[PROVIDED ENTRIES]
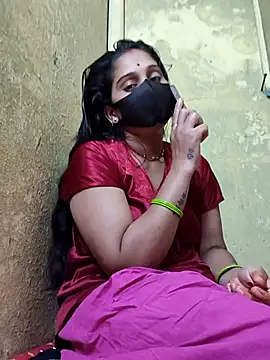 Snapshot of Hi_Radhika chatting on 17, 9, 2025 Hi Radhika online show from 17, 9, 2025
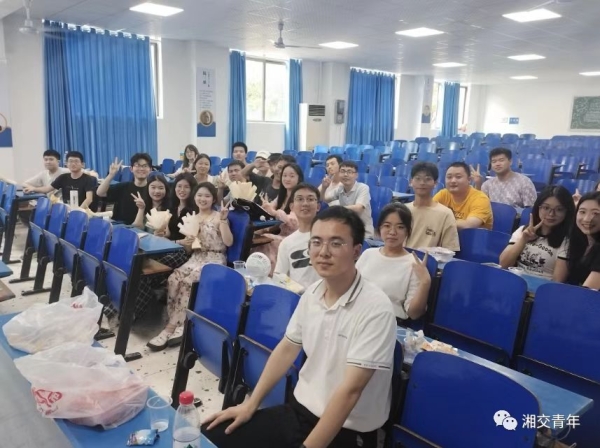 81cd881f54468924cbb81d5a24f887e.jpg 81cd881f54468924cbb81d5a24f887e.jpg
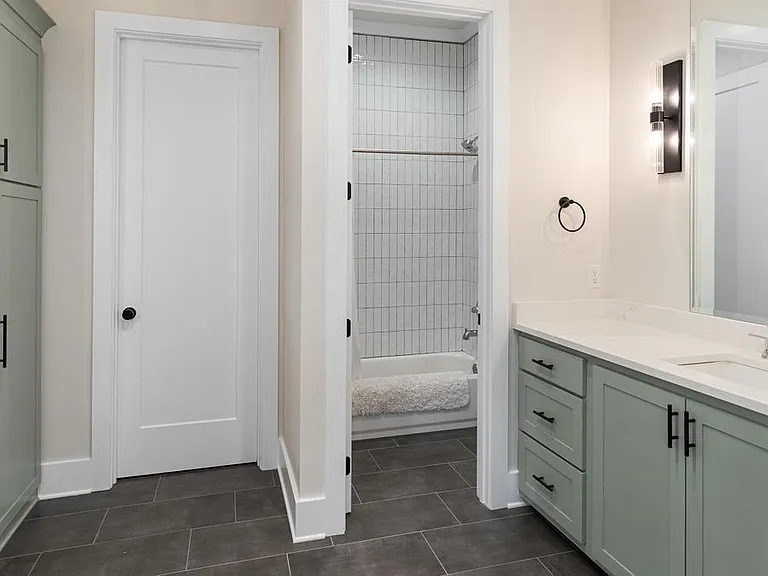 2757 Chenal Ct — Photo 8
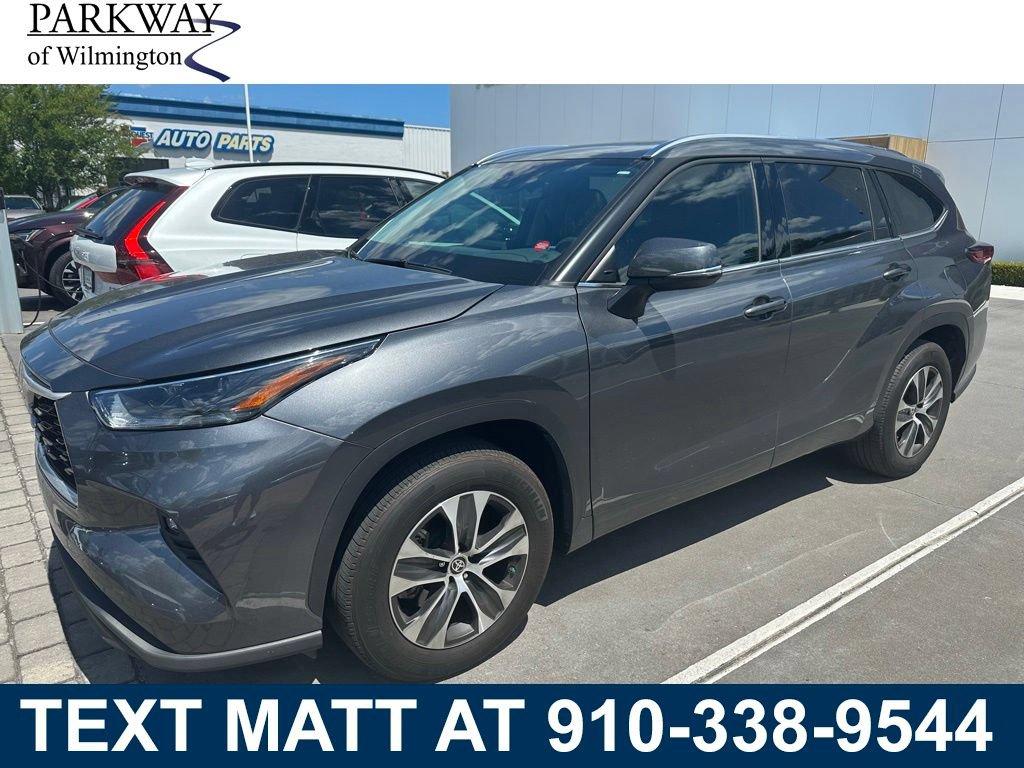 Used 2021 Toyota Highlander XLE FWD video 1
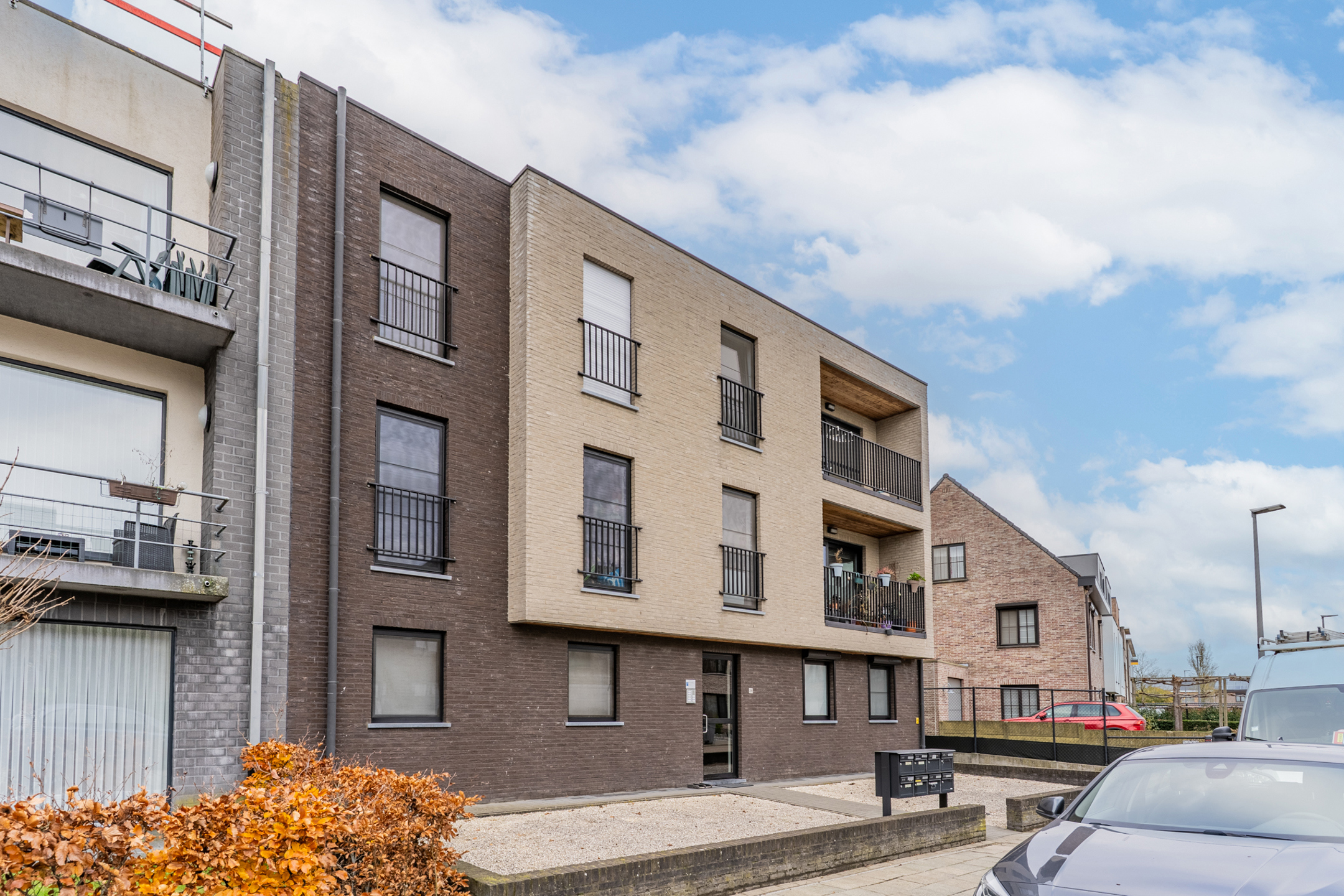 Zeer verzorgd gelijkvloers appartement met aangelegd terras en carport - foto 4
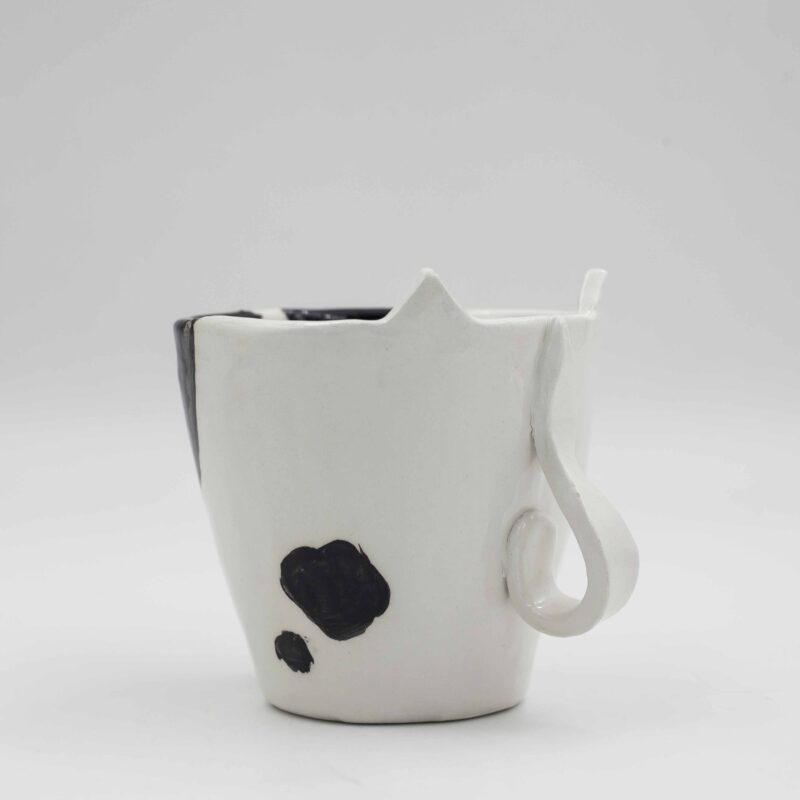 Meow-gical mug! This handcrafted ceramic cup features a playful sculpted cat snout, perfect for cat lovers and anyone who enjoys a touch of whimsy with their morning coffee. (keywords: mug, cat mug, ceramic mug, handmade mug, sculpted cat, coffee mug) Μαγικό φλιτζάνι! Αυτό το χειροποίητο κεραμικό φλιτζάνι διαθέτει μια παιχνιδιάρικη, γλυπτή γάτα, ιδανικό για τους λάτρεις των γατών και όποιον απολαμβάνει μια πινελιά φαντασίας με τον πρωινό του καφέ. (keywords: φλιτζάνι, φλιτζάνι γάτας, κεραμικό φλιτζάνι, χειροποίητο φλιτζάνι, γλυπτή γάτα, φλιτζάνι καφέ κούπα)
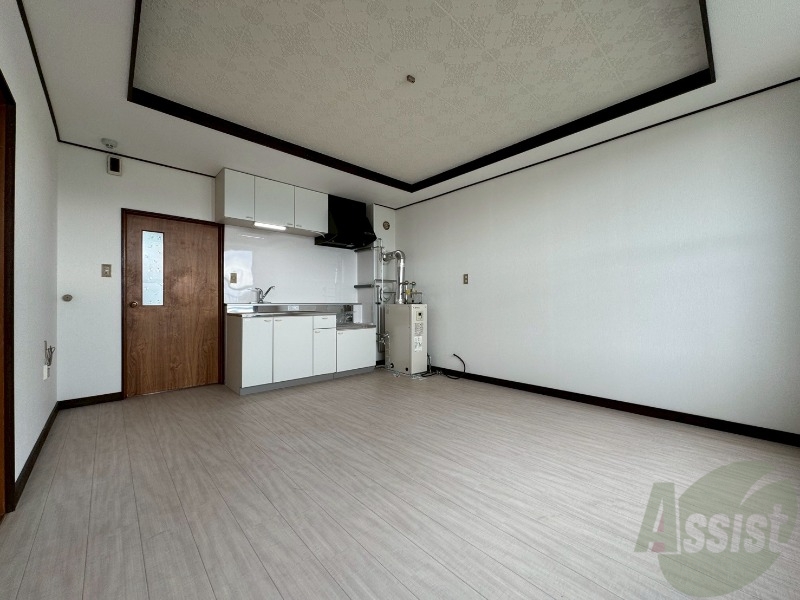 居室・リビング　広くてキレイなお部屋が広がっていて、充実した生活が送れそう。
[/PROVIDED ENTRIES]
* WHAT NEEDS TO BE DONE: Write the listing out a second time exactly, dropping all images.

* OUTPUT:
 Snapshot of Hi_Radhika chatting on 17, 9, 2025 Hi Radhika online show from 17, 9, 2025
 81cd881f54468924cbb81d5a24f887e.jpg 81cd881f54468924cbb81d5a24f887e.jpg
 2757 Chenal Ct — Photo 8
 Used 2021 Toyota Highlander XLE FWD video 1
 Zeer verzorgd gelijkvloers appartement met aangelegd terras en carport - foto 4
 Meow-gical mug! This handcrafted ceramic cup features a playful sculpted cat snout, perfect for cat lovers and anyone who enjoys a touch of whimsy with their morning coffee. (keywords: mug, cat mug, ceramic mug, handmade mug, sculpted cat, coffee mug) Μαγικό φλιτζάνι! Αυτό το χειροποίητο κεραμικό φλιτζάνι διαθέτει μια παιχνιδιάρικη, γλυπτή γάτα, ιδανικό για τους λάτρεις των γατών και όποιον απολαμβάνει μια πινελιά φαντασίας με τον πρωινό του καφέ. (keywords: φλιτζάνι, φλιτζάνι γάτας, κεραμικό φλιτζάνι, χειροποίητο φλιτζάνι, γλυπτή γάτα, φλιτζάνι καφέ κούπα)
 居室・リビング　広くてキレイなお部屋が広がっていて、充実した生活が送れそう。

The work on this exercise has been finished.